Hands-on CNN

We are given a dataset containing images of foods belonging to three categories: Bread, Soup and Vegetable-Fruits. Our goal is to classify these images into their individual classes.

Step 0: Begin with getting the data on your machine.

Open a new terminal on your Jupyter and cd into /code/data folder. If you do not have data folder make one using mkdir

mkdir data
cd data

Inside the data folder wget the Food data

wget https://github.com/joestubbs/coe379L-sp24/raw/master/datasets/unit03/Food_cnn/Food_Data.zip

Once the Food_Data.zip file is downloaded, unzip it. Size of zip file is approximately 90MB

unzip Food_Data.zip

You should see three folders inside the Food_Data directory: Bread, Soup and Vegetable-Fruit

Next, create a python notebook outside the data directory. This is important for rest of the steps to work.

Step 1: Loading the data

We need to make sure that train and test directories are empty to start with

# Let's make sure these directories are clean before we start
import shutil
try:
    shutil.rmtree("../data/Food-cnn-split/train")
    shutil.rmtree("../data/Food-cnn-split/test")
except:
    pass

shutil is a module in Python’s standard library that provides a higher-level interface for file operations. It’s used for file and directory operations such as copying, moving, archiving, and more.

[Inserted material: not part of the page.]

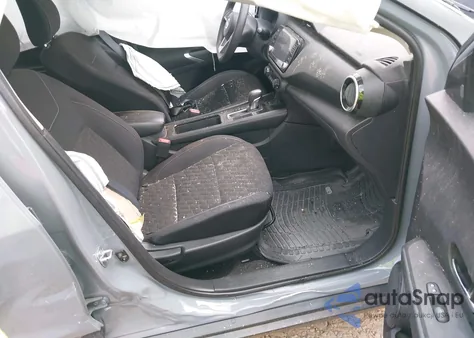 2021 Nissan Kicks Sv Xtronic Cvt z USA, uszkodzony, nr VIN 3N1CP5CV3ML467406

Lets create train and test directories for each of the three categories: Bread, Soup and Vegetable-Fruits

# We have three class which contains all the data: Bread, Soup and Vegetable-Fruit
# Let's create directories for each class in the train and test directories.
import os
# ensure directories exist
from pathlib import Path

Path("../data/Food-cnn-split/train/Bread").mkdir(parents=True, exist_ok=True)
Path("../data/Food-cnn-split/train/Soup").mkdir(parents=True, exist_ok=True)
Path("../data/Food-cnn-split/train/Vegetable-Fruit").mkdir(parents=True, exist_ok=True)

Path("../data/Food-cnn-split/test/Bread").mkdir(parents=True, exist_ok=True)
Path("../data/Food-cnn-split/test/Soup").mkdir(parents=True, exist_ok=True)
Path("../data/Food-cnn-split/test/Vegetable-Fruit").mkdir(parents=True, exist_ok=True)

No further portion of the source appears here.